During the procedure, surgeons make incisions on the nipple and reshape the tissue to make it smaller and proportionate. Patients can request a combined operation with areola reduction, breast augmentation, breast lift or even a breast reduction.
Surgeons use two main methods for nipple reduction: the wedge and flap techniques. As its name suggests, the wedge technique will remove a wedge-shaped tissue from the nipple. Doctors then suture the sides of the nipple together to create a smaller nipple. The flap technique will first make an incision where the desired level of the nipple will be positioned. Surgeons remove the extra tissue, tuck in the flap and stitch up the reduced nipple. They will apply bandages to the nipple once the procedure is complete.

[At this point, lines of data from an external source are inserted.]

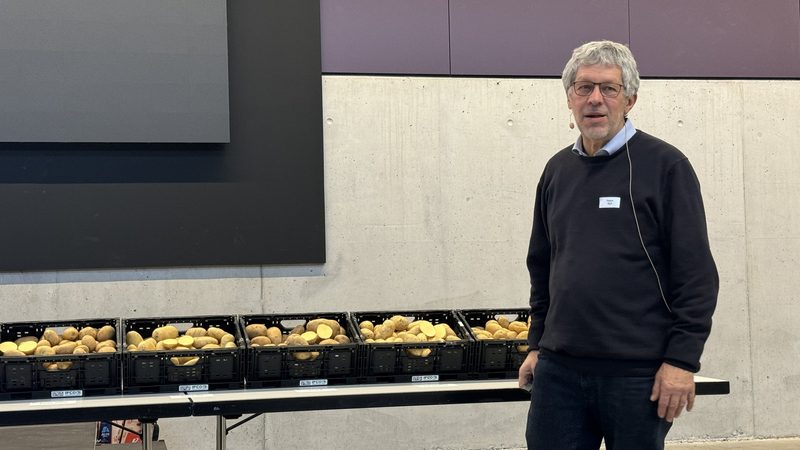 Noch zu wenig Resistente: Die Kartoffelbranche läuft momentan noch auf Eisbergkurs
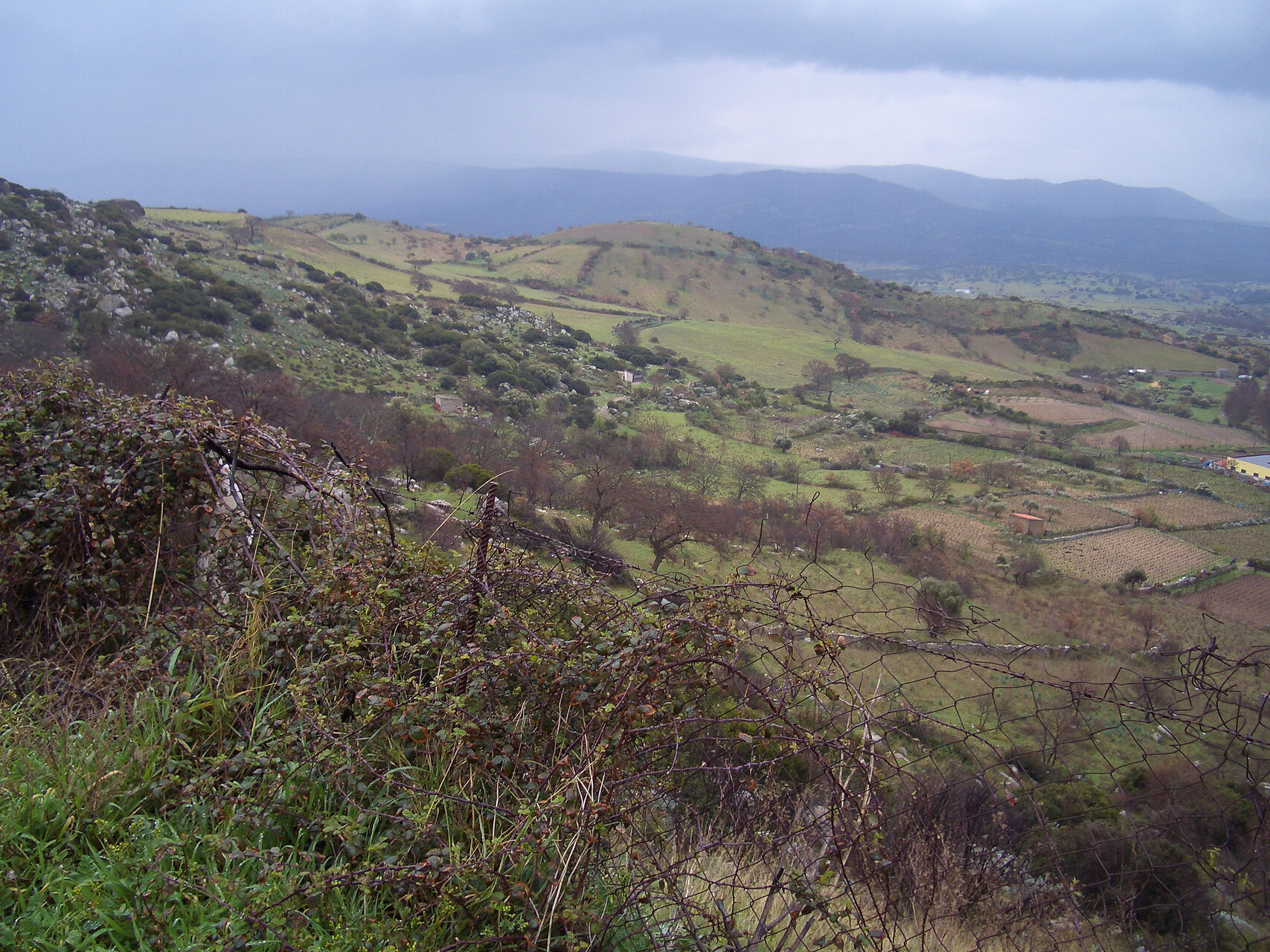 22.03.2006 13-02-58_160.jpg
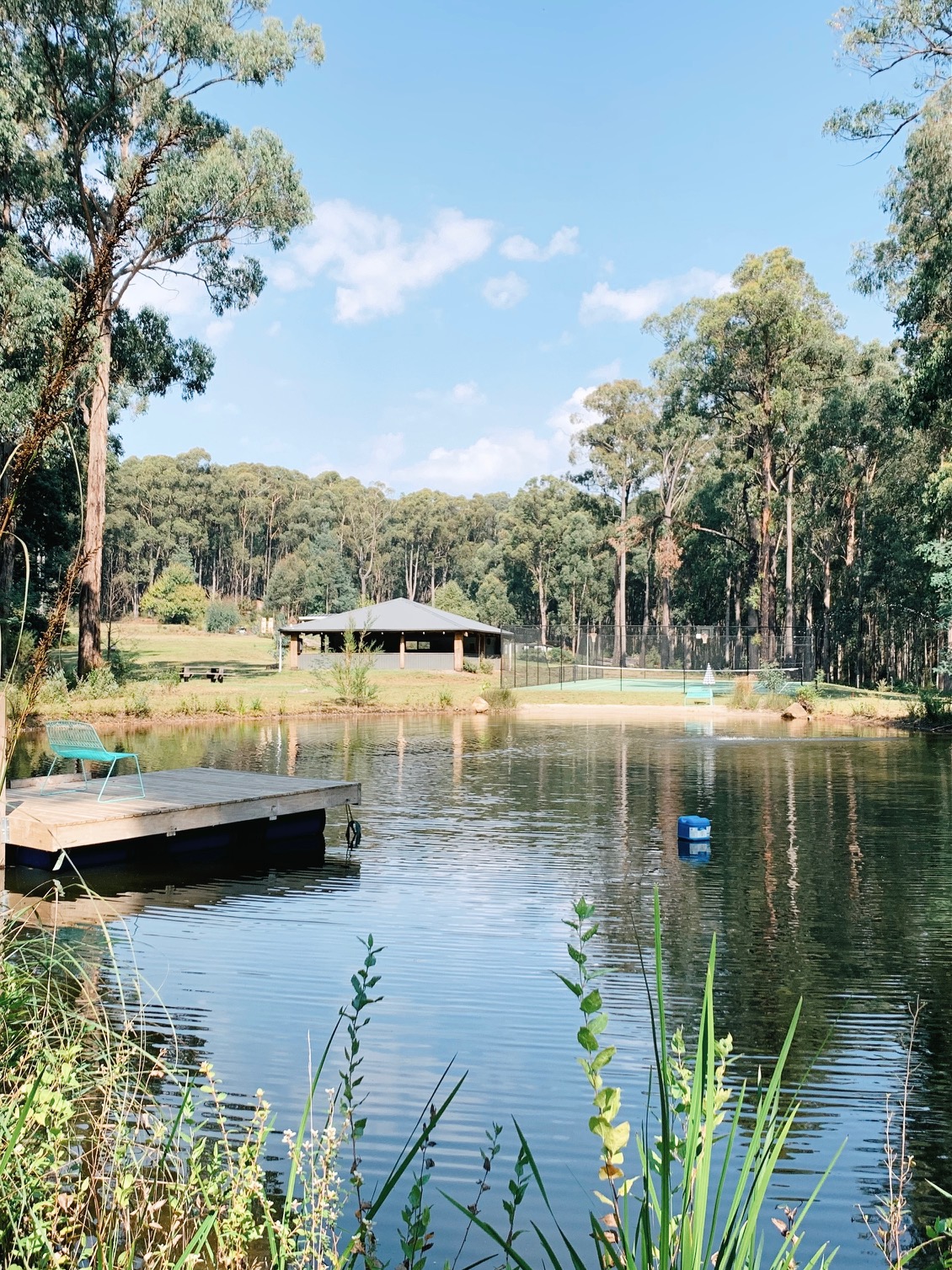 Tranquil spring-fed pond at Andersons Eco Retreat, surrounded by native bushland and birdlife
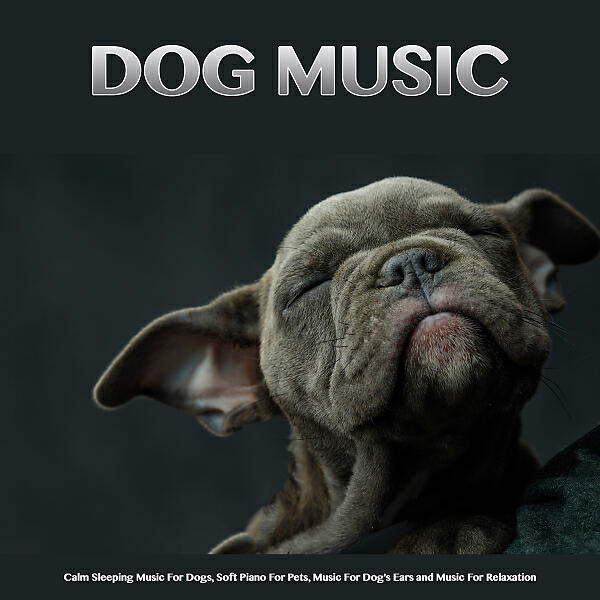 Dog Music - Music for Doggo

During the recovery period, patients may experience some swelling.
The permanent results are visible immediately. The nipple may change over time if the patient becomes pregnant or starts breastfeeding after the surgery. Nipple piercings will have to be redone after the surgery, but patients need to wait about three months for complete healing. The scars left from the surgery will be hidden and not visible. No significant recovery time is required, but patients will have to reduce strenuous activity for a month. As with most invasive procedures, nipple reduction comes with some rare risks.
These can include infections and blocked ducts. Patients can avoid them by ensuring appropriate aftercare.